Reputation: 405
I am attempting to create my first login page as a learning exercise.
My plan was to pre hash the password using a salt of the username for example. Store that in a text file and then when when the user logs in i would hash the password using the same salt and compare the results to the text file.
I am a complete beginner with security etc so i dont know if this would be secure or not? What is the norm for small applications? if this method isnt recommended, what is a suitable simple alternative?
EDIT One possible solution if i can get it to work.
String unpwfield;
unpwfield = userId.getText()+passwordfield.getText();
if (BCrypt.checkpw(unpwfield, passwordhash))
System.out.println("It matches");
else
System.out.println(userId.getText()+passwordfield.getText());
Upvotes: 0
Views: 1707
Reputation: 33538
For password storage, you're going to want to use a slow hashing algorithm. Cryptographic hashes are too fast, and do not slow at attacker down in offline password guessing. For example, bcrypt is often the most suitable algorithm to use.

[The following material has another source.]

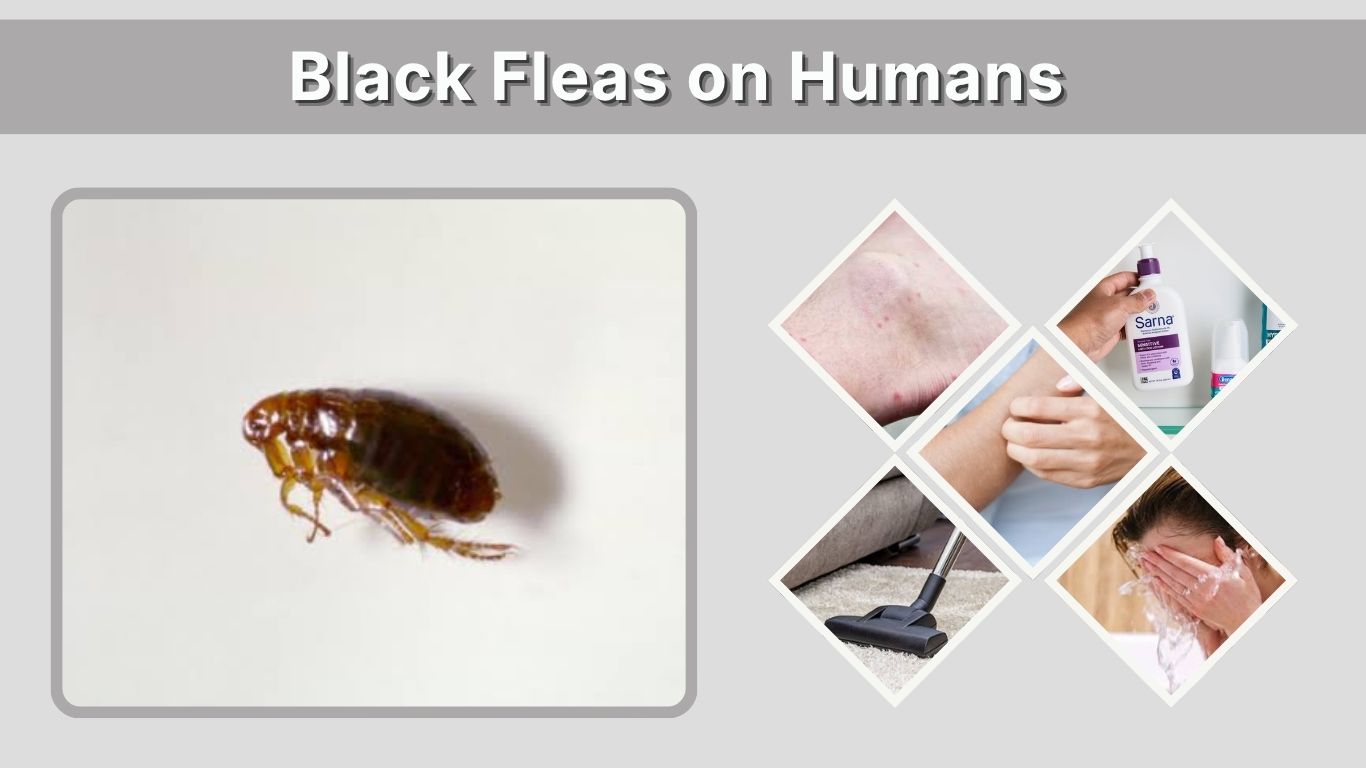 Black Fleas on Humans: Identification, Bites & Treatment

Bcrypt generates its own salts, so you do not need to worry about a secure way to generate these.
I would avoid using username as the salt. A salt is to avoid the same password ever being stored with the same byte representation if used multiple times.

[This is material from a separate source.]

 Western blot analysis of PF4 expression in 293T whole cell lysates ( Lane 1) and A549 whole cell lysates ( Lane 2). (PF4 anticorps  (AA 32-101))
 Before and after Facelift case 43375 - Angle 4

The reasons are if the user reuses the same password, then it is immediately obvious to any attacker with visibility on the password hash data. Also, if your system is openly available, every instance of your application will have the hashes for the admin
user stored in exactly the same way, meaning attackers will be able to pre-build rainbow tables with admin
as the salt.
See the OWASP Cheat Sheet on Password Storage for further information and guidance.